„Wir wollen fliegen“

„Ich war von Kind an ein Theaterverrückter“: Dieter Seidel, Gründer und Leiter des Theater N.N.

Im Porträt: Theatergründer Dieter Seidel

"Es ist alles möglich beim Theater, wenn es wahrhaftig bleibt.“ Große Worte vom Gründer und Leiter einer kleinen Bühne: Dieter Seidel. Wahrhaftig bleiben ist für ihn eine Art Leitmotiv. Und wenn für ihn nicht alles möglich war, ging er auch mal. Aber nicht immer freiwillig.
Seidel wuchs in der DDR auf, in Oberlausitz in Sachsen. „Ich war von Kind an ein Theaterverrückter“, sagt er. Später arbeitete er als Regisseur für Film und Theater sowie als freier Autor.
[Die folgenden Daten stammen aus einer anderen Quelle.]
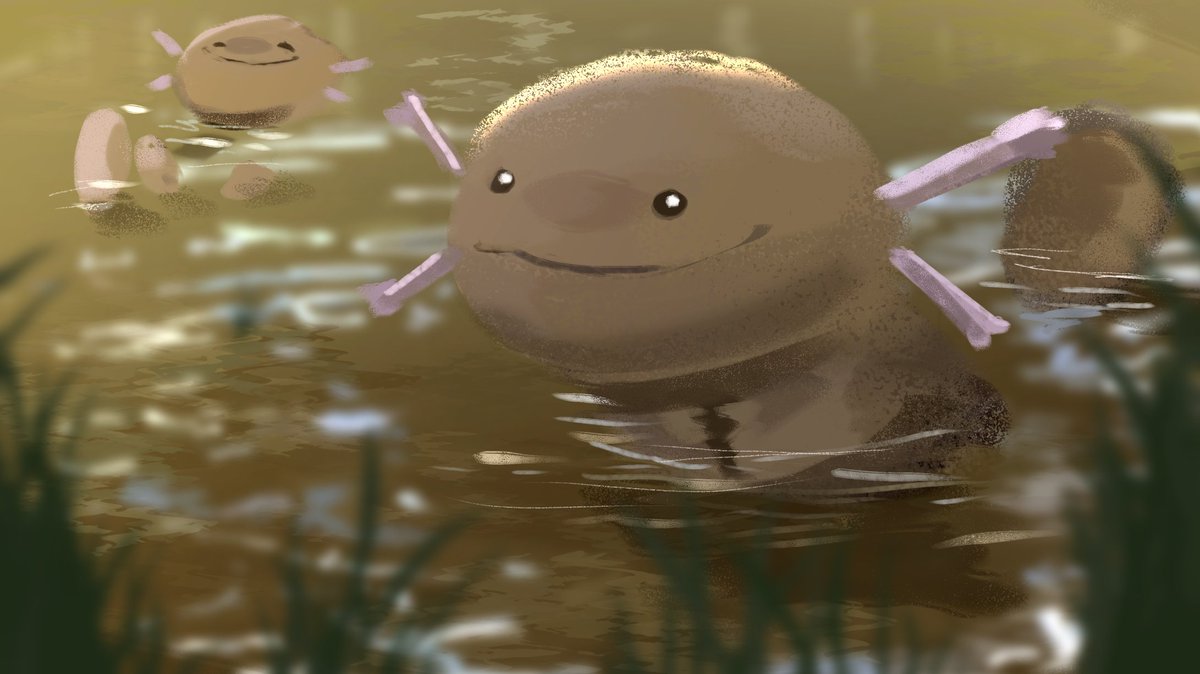 Whoopah  #pokemon #PokemonScarletandviolet #whooper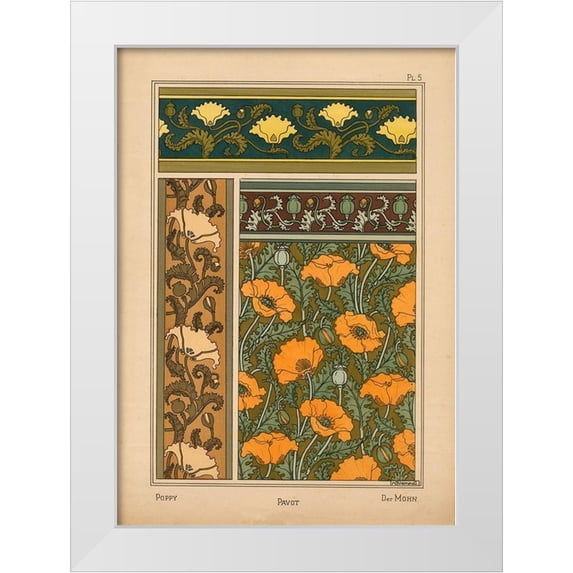 Vintage Apple Collection 24x32 White Modern Wood Framed Museum Art Print Titled - Plate 05 - Poppy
Aber er eckte an in dem sozialis-tischen Regime. „Im Osten hatte ich meine Feinde“, sagt er knapp. Berufsverbot. 1988 ging er in die Bundesrepublik, nach Hamburg. „Ich wollte sehen, was die Freiheit so bedeutet.“ Von Gängeleien am Theater hatte er genug, ein festes Engagement wollte er nicht. Er wurde Dozent an der Stage School. Doch auch dort hielt es ihn nicht ewig. Ende der 90er Jahre hörte er auf und gründete mit einem Schwung Schüler eine freie Theatergruppe. Sie tingelten kreuz und quer durch die Republik, fanden 1999 Unterschlupf im Altonaer Kulturbahnhof. Als dieser nicht mehr zur Verfügung stand, bot sich nach langem Suchen in Eimsbüttel die Gelegenheit, eine Spielstätte aufzubauen. Das Theater N.N. im Hellkamp 68 war geboren.
Was treibt ihn an? „Wahrhaftige Kommunikation.“ Man könnte auch sagen: Ehrliche, intensive Arbeit mit anderen Theaterbegeisterten, zuhören, sich in Frage stellen. Im besten Fall vor einem Publikum, bei dem man etwas bewegen oder auslösen kann.
Diese Lust schimmert immer wieder durch, sie leuchtet in den klaren blauen Augen, wenn Seidel den Salzstreuer in die Hand nimmt, um etwas zu zeigen. „Mit Fantasie wird aus einem Salzstreuer die Welt.“ Ein paar Körner rieseln auf den Tisch.
Doch ganz irdisch geht es auch immer wieder ums Geld. Beim Theater N.N., bei Schauspielern, bei allen. Seidel hat da seine eigene Antwort drauf: „Wenn sich jemand kaufen lässt, geht ein Stück Freiheit verloren. Dann kann man nicht mehr fliegen. Wir wollen aber fliegen.“ Bisher geht der Flug anscheinend ganz gut.